As of Feb. 27, the average refund amount for individual filers was $3,742, up from $3,382 about one year ago, the IRS reported on Friday. The average is down from the $3,804 reported last week.
Typically, the average refund spikes around mid-February, once data includes payments claiming the earned income tax credit or the refundable part of the child tax credit, known as the additional child tax credit or ACTC, according to a Bipartisan Policy Center analysis. After the February peak, the average generally declines gradually through Tax Day.
The latest filing data reflects roughly 51.5 million individual returns received, out of about 164 million expected through the April 15 deadline.

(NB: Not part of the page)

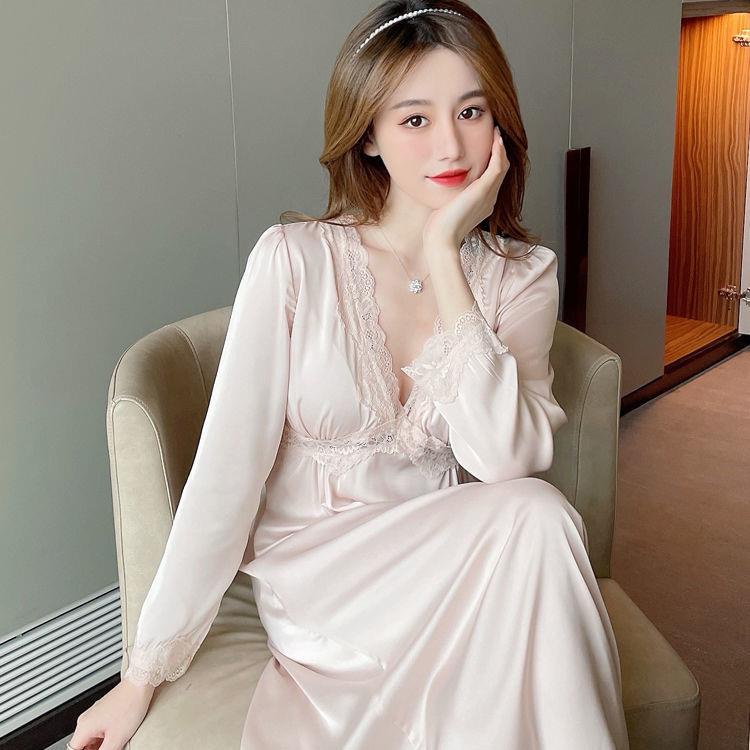 Đầm Ngủ Tay Dài Dáng Rộng Có Đệm Ngực Phong Cách Pháp Cổ Điển Thời Trang Xuân Thu Mới Cho Nữ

In a late January release, the White House said average tax refunds could jump “by $1,000 or more,” citing several media reports that reference early October research from investment bank Piper Sandler.

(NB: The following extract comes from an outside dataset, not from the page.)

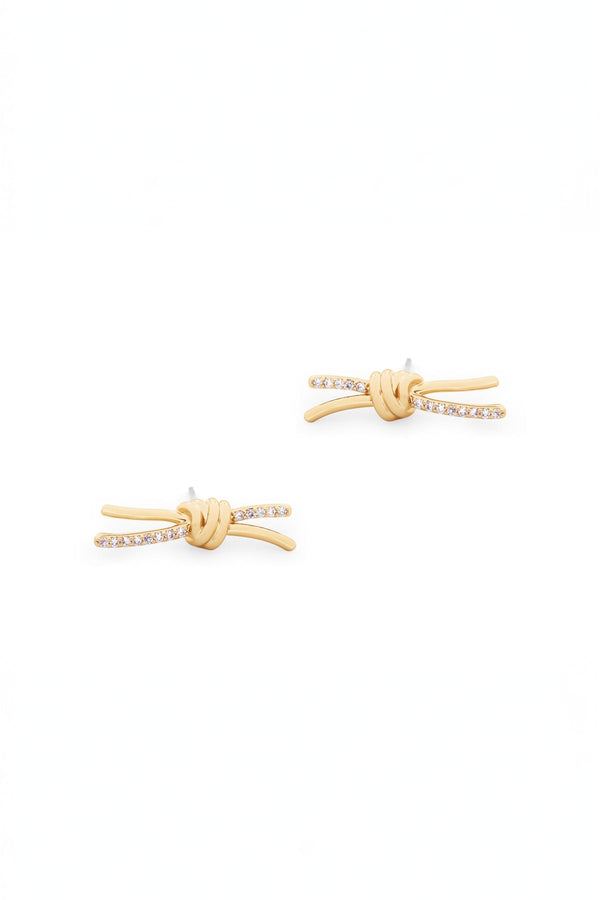 Carraig Donn Knot Inset Gold Stud Earrings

Why tax refunds could be bigger this season
Four of Trump’s new tax breaks — the deductions for tip income, overtime, seniors and auto loan interest — go on a new form, known as Schedule 1-A, which is part of individual tax returns.

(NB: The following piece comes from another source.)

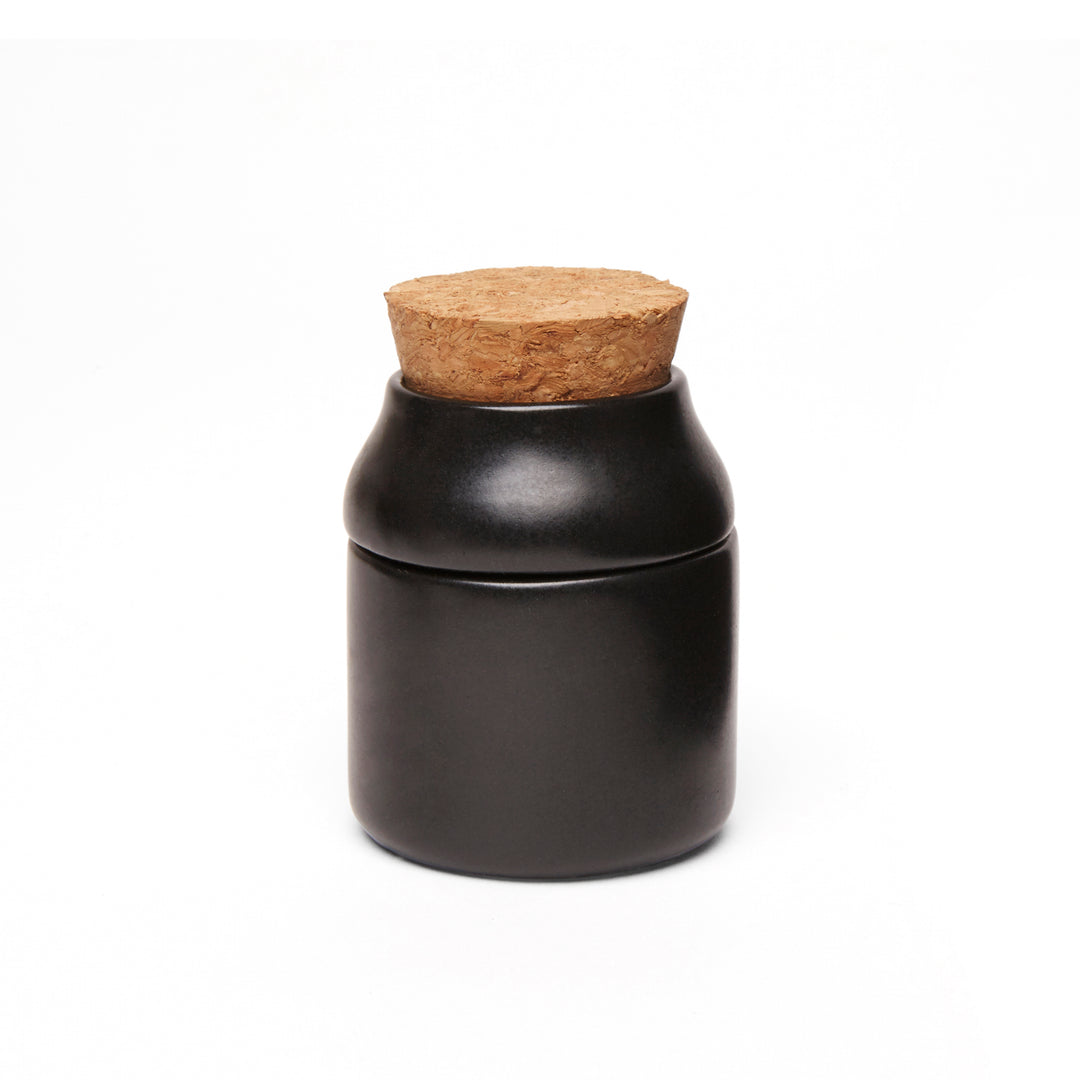 Ceramic Grinder + Jar Small Black Kikkerland Design Inc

As of March 4, some 43% of returns included Schedule 1-A, and refunds for those filings were $775 bigger than the typical refund last year, Frank Bisignano, Social Security Administration Commissioner and IRS CEO, said this week during a House Ways and Means Committee hearing.
Trump’s bigger deduction limit for state and local taxes, known as SALT, could also boost refunds for eligible filers who itemize tax breaks, experts say.
Some of the smaller changes include a bigger standard deduction and more generous child tax credit for 2025.
However, tax refunds or balances due also vary based on workers’ paycheck withholdings, or other payments made throughout the year, experts say.
“What I’m running into is [the changes are] providing hundreds of dollars of difference, not thousands of dollars,” Tom O’Saben, director of tax content and government relations at the National Association of Tax Professionals, told CNBC.